We've all seen it. Someone asks, "When did you feed your baby meat?" The first person responds with, "Around a year," and the next person responds with, "I guess I'm a bad mom, but....etc, etc."

When did Bad Mom enter the equation? I didn't see it in the prior questions. I theorize that the bad mom excuse makes an appearance when a perfectly reasonable mom is suddenly finding herself uncomfortable with her decision. The sudden second guessing immediately sets off an alarm in every other mommy's brain because at some point, we've all felt that we're thought of as a bad mom by someone. Unfortunately, this requires the 493 responding posters to quote Bad Mom's post and reply with, "You're NOT a bad mom. I did such-and-such." This takes the focus off of the OP and turns the post into one long pat on the back thread for the so-called Bad Mom.

There's something we need to realize. Different does not equal bad. There are some things that are bad decisions, sure. Using an expired car seat, feeding a baby fruits and veggies at the ripe old age of three months, turning and infant's car seat around at 7 months because they're screaming at the top of their lungs, telling your kids you'll let the monster in the closet have them for breakfast if they don't stay in bed, CIO, and I even put formula feeding because somebody offered to pay for it (and and using that as the determining factor) when you've got two perfectly good breasts and no particular reason to avoid using them in the category.

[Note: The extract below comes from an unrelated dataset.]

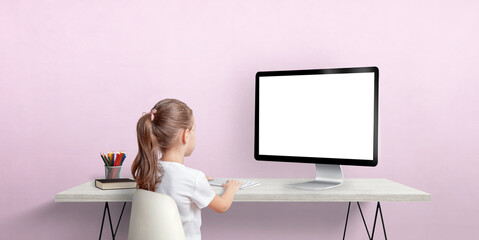 Canvas Print - young girl work on computer concept. isolated computer display for mockup. work room with pink wall.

That said, there's a world of difference between a bad decision and a Bad Mom. Not one of us (mothers) will make the best decisions or even the right decisions all of the time. That's just a fact of life. My kids might go out once or twice underdressed for the unpredictable Kansas weather. Bad decision of me to not bring a coat, but does it make me a bad mom? Of course not. If I were a bad mom, I wouldn't even have coats for them. Instead, as soon as we get done with what we're doing, or they become uncomfortable with the temperature, we go inside or home and warm up. Eeny might eat McD's chicken nuggets for lunch one day. Bad dietary decision? Sure. But the next day he'll have a healthy lunch of chicken and veggies. It'd be nice if we, as mothers, generally took a party line of, We're human, we'll make bad decisions from time to time, and that's okay. It's not something to strive for, more something to understand and accept.


I put "I'm a bad mom" posts in the same category as, "If this is the way everyone feels, I'll leave the group because I don't want to be somewhere when people don't agree with me." Silly, and emotional blackmail, because it takes the focus off the disagreement and turns it into a "Love me" fest. I'm the first to admit that I usually don't know how to handle it when people disagree with me. It's uncomfortable. Why? Because it means that I might be wrong. It doesn't mean I am wrong, just that it's possible I might be. I don't like being wrong. I don't know anyone who does. It's just that it's possible, if someone else holds the opposite strong belief that I do, that they might be right, and I might not.

My feelings are not reality. I can feel that someone doesn't like me, but that doesn't make it true. When I make 5 phone calls and none of my friends and chat buddies are home, it might feel like no one likes me or is there for me, but that hardly makes it the case. So I can feel like there's a possibility that I might be wrong, but that doesn't make it true.